Ask any software developer about what they dread the most in the hiring process and they'll all say it's the coding interview. Four of my technical mentors launched a tool for developers at all levels to help them crush their technical interviews. Godspeed to @matanzg, @omer, @rafizik and @dan_shalev
@dglbr thanks for the question. Here are the main new features in Pramp 2.0:
Same-day Interviews - no need to wait more than 24h to get a practice interview. You can now schedule an interview with peers on-demand.
New Questions - new questions asked by real companies.
Simplified & personalized scheduling - no need to choose 3 different time slots to schedule an interview. Simply select one that works for you best.

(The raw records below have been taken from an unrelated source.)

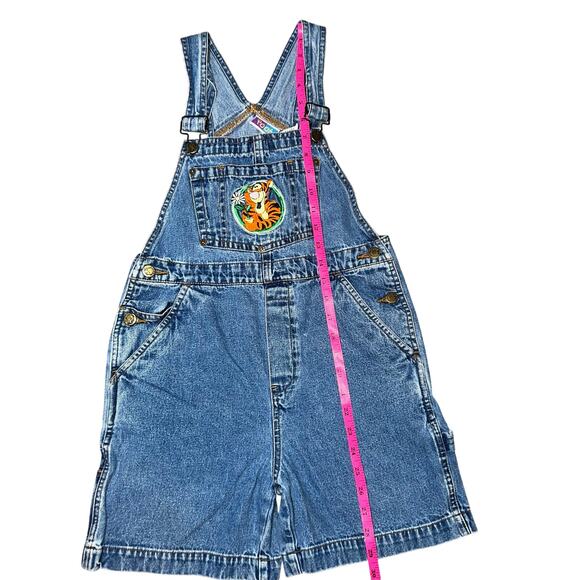 Vintage Winnie the Pooh Tigger denim embroidered short bib overalls kid size med - Picture 4 of 7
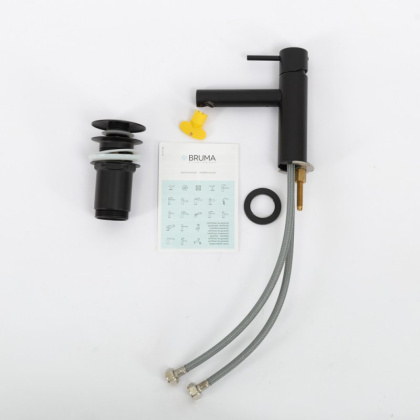 LEAF-LSM1-L-PO Смеситель для раковины однорычажный, с донным клапаном, исполнение Gold PVD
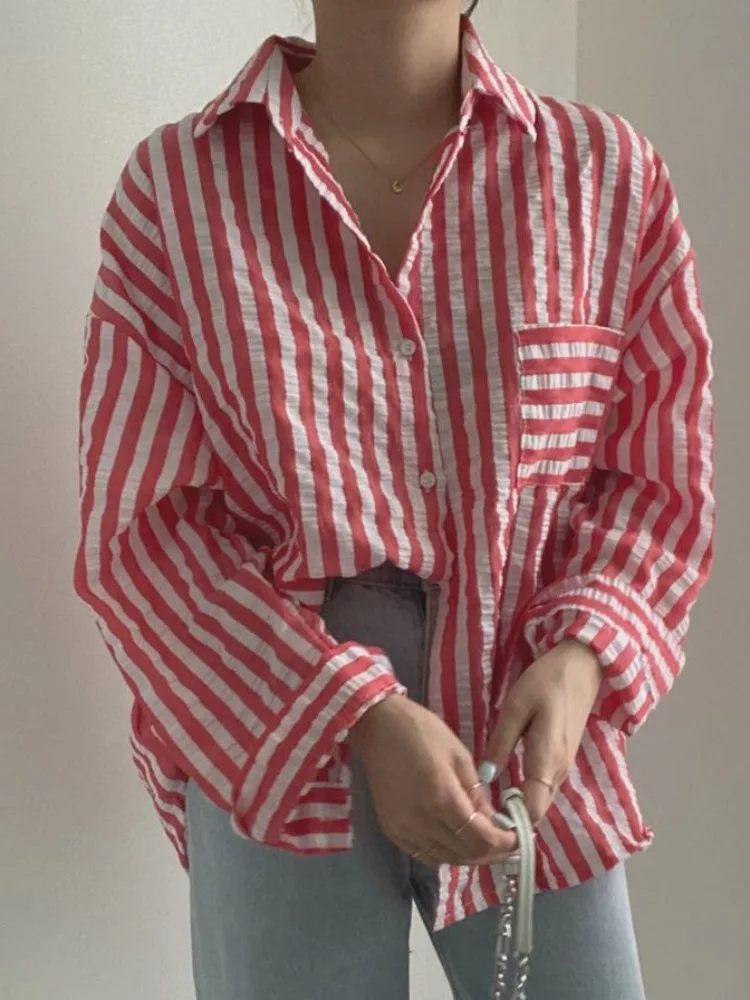 Chic Early Autumn Loose Texture Long Sve Striped Single Button Collar Women's irt Top Faionable Casual Busin Wear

Instantaneous and better peer matching - we redesigned our matching algorithm, so now each practice peer is picked especially for you, within seconds.
Code execution and test cases for all main programming languages - easily validate the correctness of your code, with our in-browser code runner and test cases.
@ilankasan our pairing algorithm takes into account users' professional background, practicing needs and past performance on Pramp in order to match peers in way that maximizes their learning. The algorithm is adaptive. The more interviews you take, the better we become at matching you peers.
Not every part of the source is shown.